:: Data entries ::
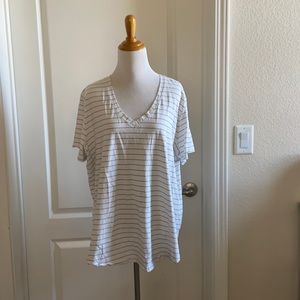 Lululemon love v-neck shirt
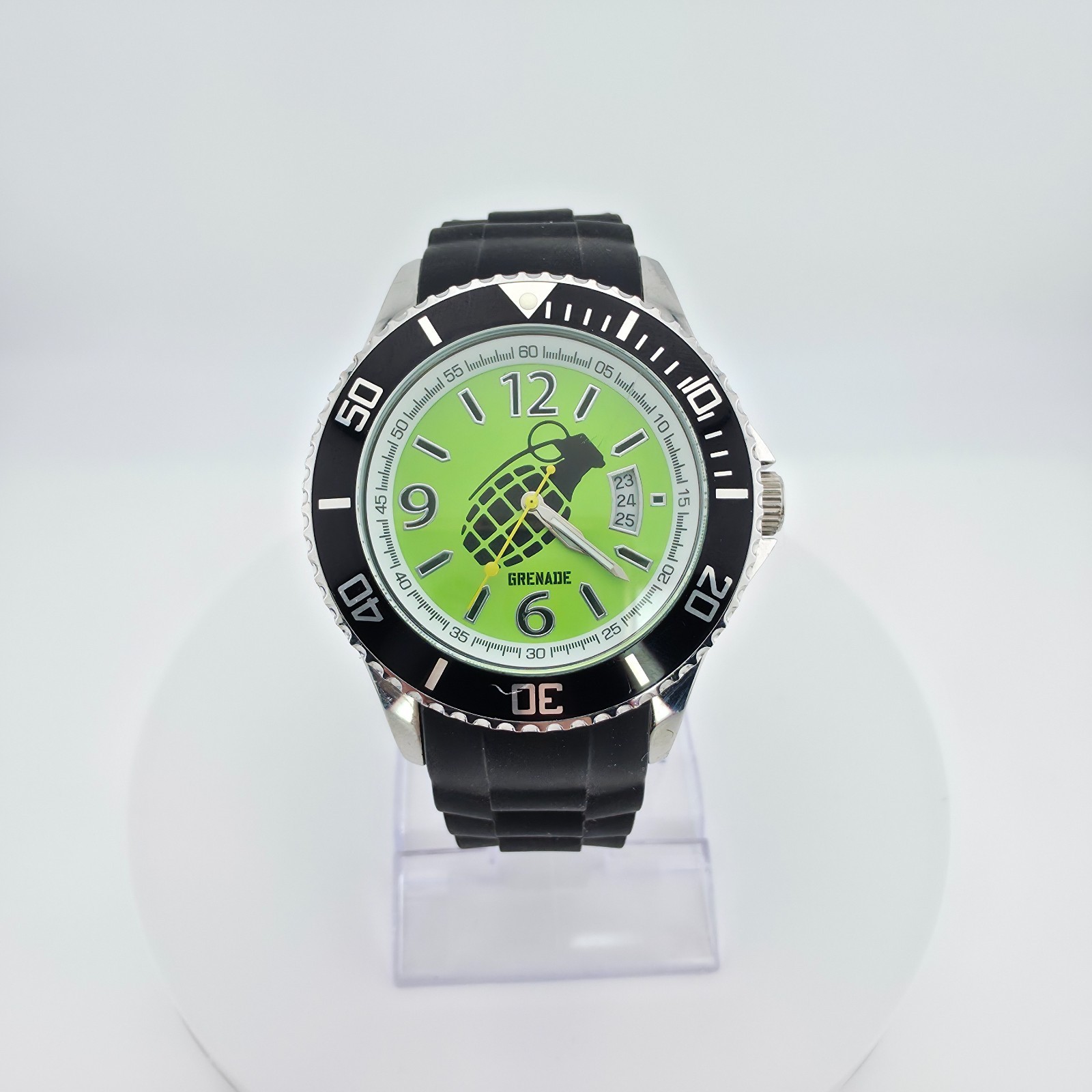 GRENADE Men’s Watch Green Dial Unidirectional Diver Bezel Silicone Band 8″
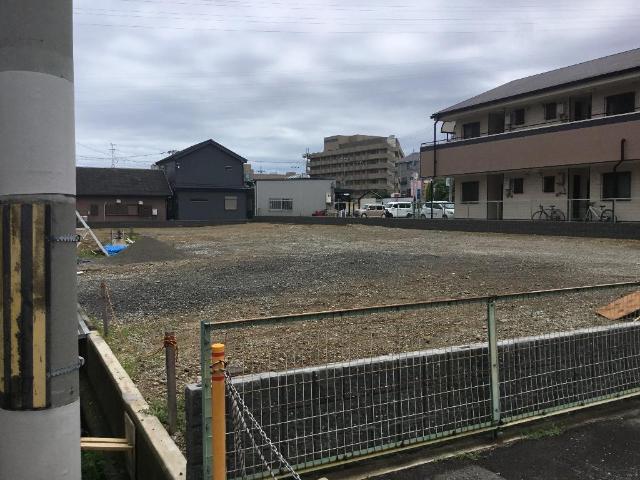 岸和田市下松町のアパートの建物外観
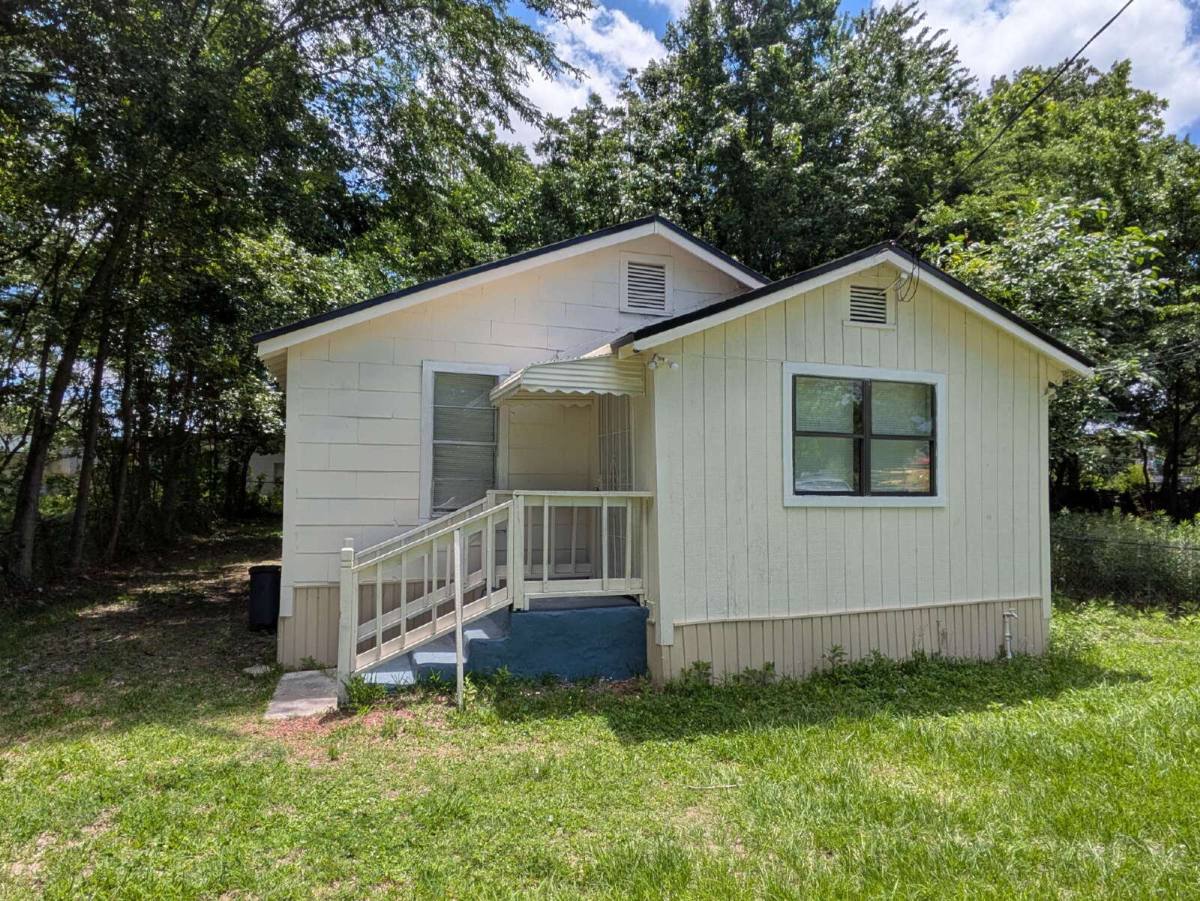 House for rent at 1760 Audubon St, Jacksonville, FL 32208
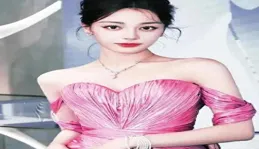 迪麗熱巴紐作主演，娛樂圈內光芒四射，人氣飆升成焦點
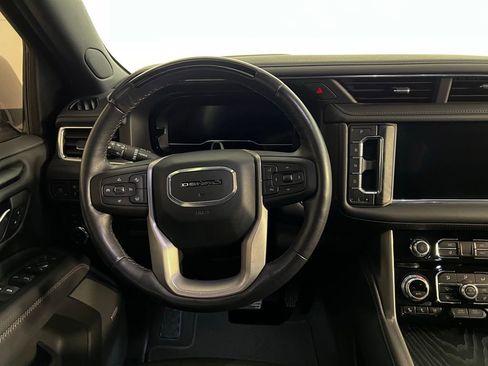 Used 2023 GMC Yukon XL Denali w/ Denali Reserve Package image 23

:: Exercise goal ::
Omitting the pictures, repeat all entries exactly.

:: Result of this task ::
 Lululemon love v-neck shirt
 GRENADE Men’s Watch Green Dial Unidirectional Diver Bezel Silicone Band 8″
 岸和田市下松町のアパートの建物外観
 House for rent at 1760 Audubon St, Jacksonville, FL 32208
 迪麗熱巴紐作主演，娛樂圈內光芒四射，人氣飆升成焦點
 Used 2023 GMC Yukon XL Denali w/ Denali Reserve Package image 23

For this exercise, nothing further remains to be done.